I’m back, the echo faded into the air.
The way it filled my heart, gone with it.
“Do you know what Drucker is doing right now?” he asks.
“Giving Teller a handie in the bathroom?”
“No, Jan, she is telling everyone I answer to that I’m employing someone who is stage two Unstuck. I had to fight to get you this job when you were stage one, and they only went for it because you were good at your job and three years out from your pension.”
“I’m not stage two.”
“Damn it, January, I know what it looks like. You were sitting there just now in a daze.” He sighs and leans forward, and doesn’t bring his eyes up to meet mine. “There’s nothing I can do. It’s time to retire.”
“No.”
“What do you mean no?”
“I mean no, Allyn.” I stand up, having gotten my bearings. “You gave me this place. You said it was my fiefdom. You said I could have it. So it’s mine until it’s not. Do you understand me?”
The decision is causing him pain. It’s all over his face. He doesn’t want to do this. I should give him credit for that. “It’s out of my hands,” he says. “You’re the one who took a swan dive directly into Drucker’s bad side. It’s happening whether you want it or not.”
“You know what, fine. Retire me. I can always get a job here.”
“Damn it,” he says, slapping a pile of paper on the desk. “What is it about this place anyway? You have no friends. You’re miserable. You were always a pain in the ass, but now you’re like a heat-seeking missile for trouble. You’re not the January I remember. Do your job. Keep shit in order. That’s all I ask. Instead you’re wandering around pissing people off like I pay you to do it.”
I get up. Push the chair in hard, knocking a pile of papers onto the floor. Pause like I’m going to bend and pick them up, and realize that’s not me.
“And you’re not the friend I thought you were,” I say, slamming the door behind me.
* * *
—
Make me go. I’d like to see him try.
I grip the railing, look down into the lobby from my spot—from our spot—and resolve to ask Reg as soon as possible about keeping me on in some capacity once this is all over. I’ll clean rooms. I’ll do laundry. Whatever.
Though if someone is going to come in and clear house, does it even matter? Maybe I should wait. Either way, they’ll have to take me out of this place on a stretcher, my brain a pile of wet leaves. And it’ll be worth it if until then, I can see Mena.
I catch Ruby in my peripheral vision and ask: “Where’s my intel on the guy?”
“Still working on it.”
“What good are you?”
“I’m doing my best, and…”
“Fine fine fine.”
This is a jigsaw puzzle someone dumped on the floor and then kicked a handful of the pieces under the couch. And they won’t show me the box, but they still want me to put it together. Quickly and in the dark.
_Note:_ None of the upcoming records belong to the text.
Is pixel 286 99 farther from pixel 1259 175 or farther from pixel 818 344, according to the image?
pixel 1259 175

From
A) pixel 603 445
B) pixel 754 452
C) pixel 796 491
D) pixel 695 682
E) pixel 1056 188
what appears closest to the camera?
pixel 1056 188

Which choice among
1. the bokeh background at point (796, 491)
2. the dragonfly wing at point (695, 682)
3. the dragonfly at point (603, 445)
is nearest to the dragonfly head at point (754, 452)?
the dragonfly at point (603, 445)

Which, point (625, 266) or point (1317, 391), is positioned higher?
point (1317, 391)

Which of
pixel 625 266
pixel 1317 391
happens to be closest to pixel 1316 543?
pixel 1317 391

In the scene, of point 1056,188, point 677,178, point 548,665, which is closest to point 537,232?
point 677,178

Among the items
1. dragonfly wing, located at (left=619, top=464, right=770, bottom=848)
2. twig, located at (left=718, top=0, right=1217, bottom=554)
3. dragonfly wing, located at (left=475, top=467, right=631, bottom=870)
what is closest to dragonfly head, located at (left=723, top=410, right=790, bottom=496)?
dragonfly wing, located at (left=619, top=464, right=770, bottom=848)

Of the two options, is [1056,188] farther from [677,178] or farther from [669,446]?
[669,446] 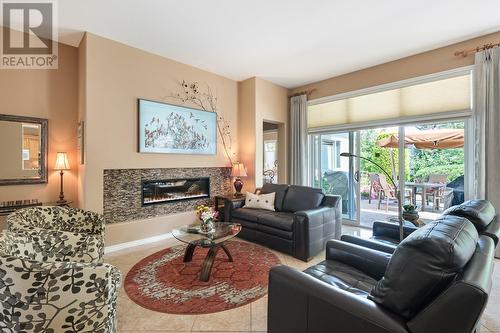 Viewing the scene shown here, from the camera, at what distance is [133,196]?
379 cm

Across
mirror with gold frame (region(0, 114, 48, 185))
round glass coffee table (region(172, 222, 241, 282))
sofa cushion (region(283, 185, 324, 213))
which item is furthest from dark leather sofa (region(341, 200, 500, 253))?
mirror with gold frame (region(0, 114, 48, 185))

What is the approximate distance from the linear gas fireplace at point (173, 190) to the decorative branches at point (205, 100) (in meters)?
0.90

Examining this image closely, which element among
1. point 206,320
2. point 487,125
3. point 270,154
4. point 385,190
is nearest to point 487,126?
point 487,125

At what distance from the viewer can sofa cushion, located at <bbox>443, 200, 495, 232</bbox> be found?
1659 millimetres

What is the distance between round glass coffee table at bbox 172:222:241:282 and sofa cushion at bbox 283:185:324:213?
3.87 feet

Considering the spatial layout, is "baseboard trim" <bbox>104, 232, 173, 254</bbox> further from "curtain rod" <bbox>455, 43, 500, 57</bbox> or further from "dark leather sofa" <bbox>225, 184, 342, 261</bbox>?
"curtain rod" <bbox>455, 43, 500, 57</bbox>

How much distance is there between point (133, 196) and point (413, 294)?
3757mm

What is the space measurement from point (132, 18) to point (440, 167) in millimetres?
5021

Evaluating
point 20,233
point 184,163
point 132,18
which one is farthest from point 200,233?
point 132,18

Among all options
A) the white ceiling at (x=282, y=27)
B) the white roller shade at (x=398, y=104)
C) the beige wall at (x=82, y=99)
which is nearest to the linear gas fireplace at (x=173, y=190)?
the beige wall at (x=82, y=99)

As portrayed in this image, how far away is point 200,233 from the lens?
285 cm

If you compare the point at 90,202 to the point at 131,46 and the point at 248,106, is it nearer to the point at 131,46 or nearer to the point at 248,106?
the point at 131,46

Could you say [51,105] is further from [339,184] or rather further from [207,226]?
[339,184]

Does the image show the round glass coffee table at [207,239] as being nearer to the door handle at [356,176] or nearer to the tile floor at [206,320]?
the tile floor at [206,320] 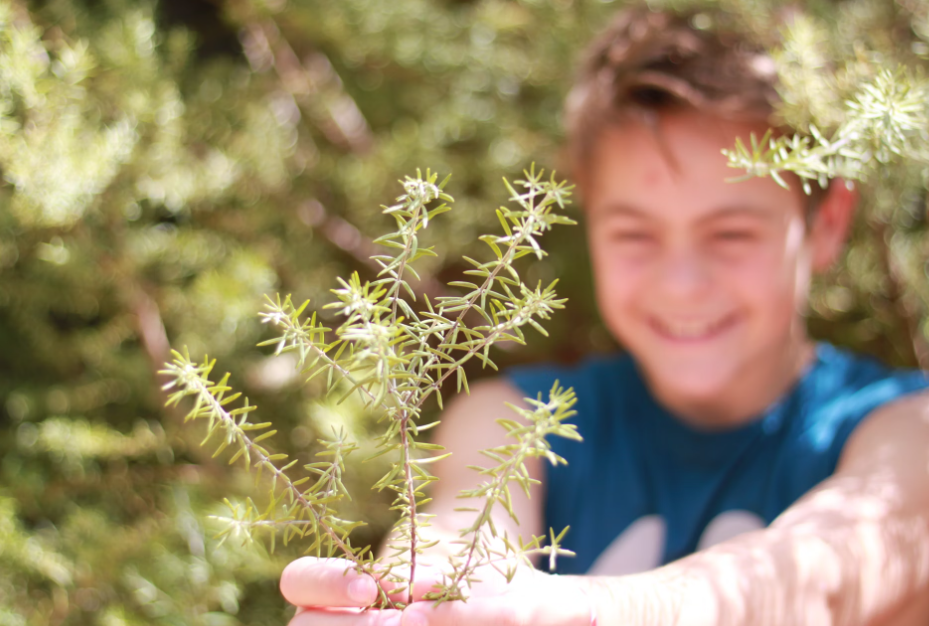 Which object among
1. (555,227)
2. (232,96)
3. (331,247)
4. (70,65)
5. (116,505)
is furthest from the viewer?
(555,227)

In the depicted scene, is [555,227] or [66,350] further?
[555,227]

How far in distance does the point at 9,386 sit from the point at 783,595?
1321 mm

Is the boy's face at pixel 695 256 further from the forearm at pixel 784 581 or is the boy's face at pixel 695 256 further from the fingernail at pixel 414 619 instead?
the fingernail at pixel 414 619

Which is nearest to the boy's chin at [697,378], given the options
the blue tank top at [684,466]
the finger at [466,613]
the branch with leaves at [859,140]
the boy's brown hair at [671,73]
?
the blue tank top at [684,466]

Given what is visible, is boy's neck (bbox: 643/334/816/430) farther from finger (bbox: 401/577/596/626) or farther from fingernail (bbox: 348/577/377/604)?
fingernail (bbox: 348/577/377/604)

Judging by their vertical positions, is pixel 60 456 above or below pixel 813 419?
below

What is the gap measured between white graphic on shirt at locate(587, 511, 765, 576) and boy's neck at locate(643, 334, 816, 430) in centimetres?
20

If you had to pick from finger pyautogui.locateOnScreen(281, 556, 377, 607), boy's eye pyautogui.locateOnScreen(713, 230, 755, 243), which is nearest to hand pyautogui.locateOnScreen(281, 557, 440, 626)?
finger pyautogui.locateOnScreen(281, 556, 377, 607)

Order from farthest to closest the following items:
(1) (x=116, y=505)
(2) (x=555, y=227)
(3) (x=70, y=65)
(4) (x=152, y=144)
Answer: (2) (x=555, y=227) → (1) (x=116, y=505) → (4) (x=152, y=144) → (3) (x=70, y=65)

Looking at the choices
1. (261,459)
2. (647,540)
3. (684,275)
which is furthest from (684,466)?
(261,459)

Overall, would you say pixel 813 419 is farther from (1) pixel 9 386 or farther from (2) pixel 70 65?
(1) pixel 9 386

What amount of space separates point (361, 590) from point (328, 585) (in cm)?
3

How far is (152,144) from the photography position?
115cm

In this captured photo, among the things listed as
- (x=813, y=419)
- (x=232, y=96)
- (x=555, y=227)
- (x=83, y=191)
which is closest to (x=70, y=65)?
(x=83, y=191) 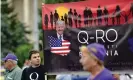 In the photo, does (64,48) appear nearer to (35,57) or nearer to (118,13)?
(35,57)

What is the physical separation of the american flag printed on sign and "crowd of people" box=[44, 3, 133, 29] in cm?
28

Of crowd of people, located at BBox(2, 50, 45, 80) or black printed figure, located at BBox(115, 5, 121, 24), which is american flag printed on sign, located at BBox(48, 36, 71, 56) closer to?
crowd of people, located at BBox(2, 50, 45, 80)

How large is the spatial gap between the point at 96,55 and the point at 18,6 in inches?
2161

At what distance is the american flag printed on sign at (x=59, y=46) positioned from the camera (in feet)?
32.4

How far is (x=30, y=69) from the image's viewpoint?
10188 millimetres

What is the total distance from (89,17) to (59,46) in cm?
82

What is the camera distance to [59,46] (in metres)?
9.96

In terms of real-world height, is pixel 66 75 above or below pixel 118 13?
below

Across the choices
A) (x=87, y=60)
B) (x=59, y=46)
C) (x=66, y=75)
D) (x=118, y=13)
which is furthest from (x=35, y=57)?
(x=87, y=60)

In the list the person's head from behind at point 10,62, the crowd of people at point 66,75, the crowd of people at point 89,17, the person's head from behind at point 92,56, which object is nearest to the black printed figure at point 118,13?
the crowd of people at point 89,17

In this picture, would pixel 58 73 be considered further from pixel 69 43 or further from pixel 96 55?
pixel 96 55

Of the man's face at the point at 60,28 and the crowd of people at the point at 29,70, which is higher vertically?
the man's face at the point at 60,28

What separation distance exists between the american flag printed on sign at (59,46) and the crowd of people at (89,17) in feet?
0.91

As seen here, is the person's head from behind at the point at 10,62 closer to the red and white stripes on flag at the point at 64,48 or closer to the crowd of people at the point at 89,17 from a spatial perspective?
the crowd of people at the point at 89,17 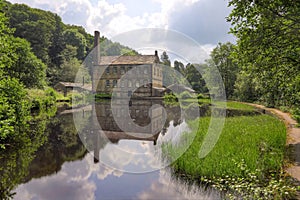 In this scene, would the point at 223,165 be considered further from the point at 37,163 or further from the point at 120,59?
the point at 120,59

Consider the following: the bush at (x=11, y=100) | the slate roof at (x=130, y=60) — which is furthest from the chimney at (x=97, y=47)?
the bush at (x=11, y=100)

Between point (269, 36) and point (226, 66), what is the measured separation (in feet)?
136

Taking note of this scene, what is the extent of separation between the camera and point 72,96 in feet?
142

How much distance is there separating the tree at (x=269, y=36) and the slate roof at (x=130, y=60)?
35.4 meters

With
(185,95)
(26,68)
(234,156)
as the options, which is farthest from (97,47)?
(234,156)

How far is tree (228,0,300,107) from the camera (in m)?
6.50

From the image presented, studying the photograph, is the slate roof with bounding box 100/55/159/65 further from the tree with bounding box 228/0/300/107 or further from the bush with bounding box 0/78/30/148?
the tree with bounding box 228/0/300/107

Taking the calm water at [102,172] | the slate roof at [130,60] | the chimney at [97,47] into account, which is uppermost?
the chimney at [97,47]

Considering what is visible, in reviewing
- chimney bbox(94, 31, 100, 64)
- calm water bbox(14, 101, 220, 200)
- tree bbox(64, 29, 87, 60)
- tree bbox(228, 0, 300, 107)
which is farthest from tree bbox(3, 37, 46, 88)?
tree bbox(64, 29, 87, 60)

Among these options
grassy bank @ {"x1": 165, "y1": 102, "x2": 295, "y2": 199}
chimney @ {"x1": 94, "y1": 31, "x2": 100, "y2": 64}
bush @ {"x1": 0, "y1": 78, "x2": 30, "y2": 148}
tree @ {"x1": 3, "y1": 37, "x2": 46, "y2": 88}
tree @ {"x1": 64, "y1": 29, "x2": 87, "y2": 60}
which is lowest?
grassy bank @ {"x1": 165, "y1": 102, "x2": 295, "y2": 199}

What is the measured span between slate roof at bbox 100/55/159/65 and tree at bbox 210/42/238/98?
11645 millimetres

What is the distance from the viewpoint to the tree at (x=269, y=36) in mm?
6504

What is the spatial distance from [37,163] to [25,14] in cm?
6187

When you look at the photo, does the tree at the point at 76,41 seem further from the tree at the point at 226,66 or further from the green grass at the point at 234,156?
the green grass at the point at 234,156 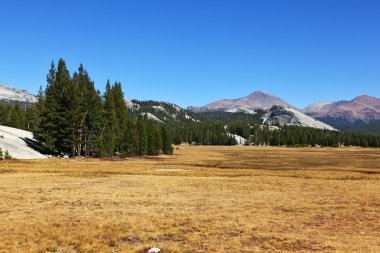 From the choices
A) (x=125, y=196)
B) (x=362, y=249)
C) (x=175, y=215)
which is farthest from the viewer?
(x=125, y=196)

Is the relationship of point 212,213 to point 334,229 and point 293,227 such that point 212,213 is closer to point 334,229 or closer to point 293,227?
point 293,227

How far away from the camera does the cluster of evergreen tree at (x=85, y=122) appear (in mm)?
87250

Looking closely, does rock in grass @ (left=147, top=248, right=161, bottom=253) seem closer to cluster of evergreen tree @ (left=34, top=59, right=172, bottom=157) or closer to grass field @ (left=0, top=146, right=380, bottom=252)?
grass field @ (left=0, top=146, right=380, bottom=252)

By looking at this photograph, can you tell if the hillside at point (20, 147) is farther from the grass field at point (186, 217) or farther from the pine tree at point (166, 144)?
the pine tree at point (166, 144)

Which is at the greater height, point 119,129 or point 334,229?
point 119,129

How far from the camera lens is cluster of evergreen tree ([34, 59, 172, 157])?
87250mm

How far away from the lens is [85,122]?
310 ft

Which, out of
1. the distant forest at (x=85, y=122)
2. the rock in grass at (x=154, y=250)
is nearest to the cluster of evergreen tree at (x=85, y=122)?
the distant forest at (x=85, y=122)

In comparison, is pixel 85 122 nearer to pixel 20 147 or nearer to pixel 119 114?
pixel 119 114

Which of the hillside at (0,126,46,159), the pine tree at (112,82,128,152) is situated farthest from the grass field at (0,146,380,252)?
the pine tree at (112,82,128,152)

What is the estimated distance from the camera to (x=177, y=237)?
63.4 ft

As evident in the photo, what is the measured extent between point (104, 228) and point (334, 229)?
43.2 ft

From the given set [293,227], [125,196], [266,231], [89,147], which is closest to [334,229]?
[293,227]

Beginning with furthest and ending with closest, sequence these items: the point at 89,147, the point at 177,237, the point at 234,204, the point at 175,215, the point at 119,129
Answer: the point at 119,129 < the point at 89,147 < the point at 234,204 < the point at 175,215 < the point at 177,237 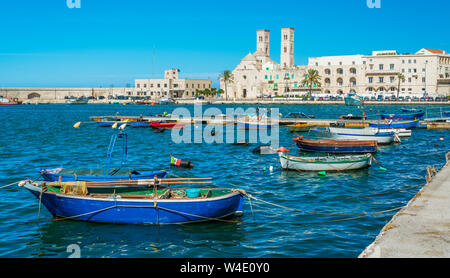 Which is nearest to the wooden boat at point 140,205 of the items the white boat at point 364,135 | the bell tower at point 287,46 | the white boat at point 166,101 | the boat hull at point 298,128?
the white boat at point 364,135

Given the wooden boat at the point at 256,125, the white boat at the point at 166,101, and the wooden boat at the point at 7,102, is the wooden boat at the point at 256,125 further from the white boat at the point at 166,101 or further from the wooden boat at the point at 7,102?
the wooden boat at the point at 7,102

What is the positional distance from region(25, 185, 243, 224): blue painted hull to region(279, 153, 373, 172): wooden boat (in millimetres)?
11471

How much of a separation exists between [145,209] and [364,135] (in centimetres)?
2972

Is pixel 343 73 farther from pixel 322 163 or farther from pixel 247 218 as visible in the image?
pixel 247 218

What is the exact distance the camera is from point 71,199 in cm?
1716

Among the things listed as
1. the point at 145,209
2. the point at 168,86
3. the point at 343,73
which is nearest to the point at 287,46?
the point at 343,73

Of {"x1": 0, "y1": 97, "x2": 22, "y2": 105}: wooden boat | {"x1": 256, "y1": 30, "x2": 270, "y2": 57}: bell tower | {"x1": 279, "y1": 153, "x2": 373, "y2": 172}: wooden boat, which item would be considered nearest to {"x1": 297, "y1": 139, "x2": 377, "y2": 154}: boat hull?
{"x1": 279, "y1": 153, "x2": 373, "y2": 172}: wooden boat

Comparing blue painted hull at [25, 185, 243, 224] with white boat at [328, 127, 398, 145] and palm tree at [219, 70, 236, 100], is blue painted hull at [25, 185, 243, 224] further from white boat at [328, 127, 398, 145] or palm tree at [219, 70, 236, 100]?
palm tree at [219, 70, 236, 100]

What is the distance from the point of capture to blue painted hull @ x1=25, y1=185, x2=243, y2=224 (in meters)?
16.6

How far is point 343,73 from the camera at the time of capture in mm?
138250

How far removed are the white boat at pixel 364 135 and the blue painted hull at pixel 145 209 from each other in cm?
2692

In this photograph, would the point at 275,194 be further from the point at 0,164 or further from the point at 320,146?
the point at 0,164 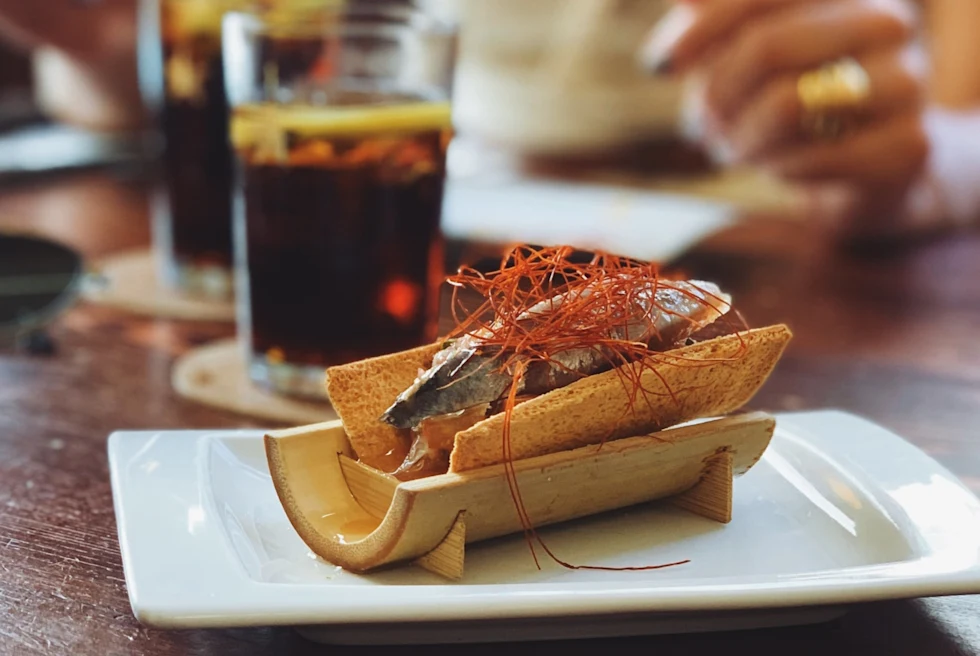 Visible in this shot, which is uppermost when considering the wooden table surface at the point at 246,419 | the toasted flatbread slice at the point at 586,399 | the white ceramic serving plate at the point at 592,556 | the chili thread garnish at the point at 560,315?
the chili thread garnish at the point at 560,315

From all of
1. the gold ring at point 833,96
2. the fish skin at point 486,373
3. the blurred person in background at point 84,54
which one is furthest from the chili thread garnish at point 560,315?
the blurred person in background at point 84,54

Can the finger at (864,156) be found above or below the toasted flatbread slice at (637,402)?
below

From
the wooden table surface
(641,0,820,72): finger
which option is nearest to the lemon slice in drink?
the wooden table surface

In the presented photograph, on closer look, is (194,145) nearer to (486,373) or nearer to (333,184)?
(333,184)

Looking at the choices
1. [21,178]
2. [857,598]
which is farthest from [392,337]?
[21,178]

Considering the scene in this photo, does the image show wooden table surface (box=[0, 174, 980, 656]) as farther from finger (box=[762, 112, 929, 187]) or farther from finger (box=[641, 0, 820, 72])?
finger (box=[641, 0, 820, 72])

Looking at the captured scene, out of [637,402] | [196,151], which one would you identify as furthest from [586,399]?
[196,151]

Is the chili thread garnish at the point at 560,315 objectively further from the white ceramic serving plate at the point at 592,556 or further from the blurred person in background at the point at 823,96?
the blurred person in background at the point at 823,96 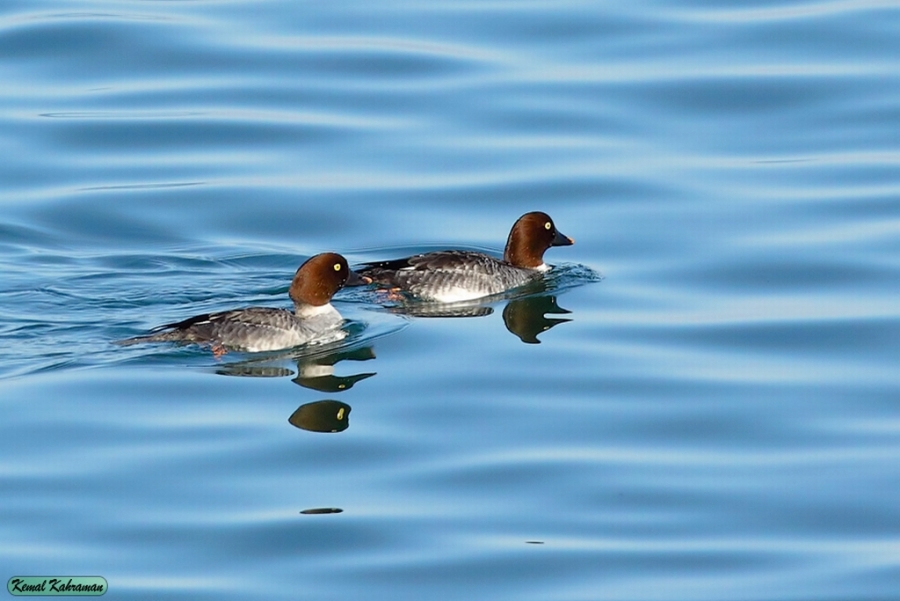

Someone is inside our system. That’s happened before. Foreign governments. Bored hackers. But again, I don’t believe in coincidence. Too much shit is happening in conjunction with a bunch of rich people trying to buy this place out.
I think Teller is my favorite right now in Pin the Tail on the Bad Guy, but that might be his track record clouding my judgment. It’d be dumb to rule anyone out. Everyone’s hiding something. So is Allyn. What did he say before? Checks and balances?
I’m considering what those might be when a gentle buzz leaps across my brain and Kolten crashes through the front doors of the Tick Tock, grasping his throat, face red. Anaphylaxis. Behind him I hear a voice. His brother Warwick? “Where’s the pen. Where’s the fucking pen?”
I watch as Kolten falls to his knees, people suddenly rushing around him, trying to revive him. Warwick is cradling his head, screaming for someone to help, asking if anyone has an EpiPen. But it’s too late. Kolten’s chest stops moving. His eyes go glassy. It’s painful, but it’s also quick, and that much is a mercy.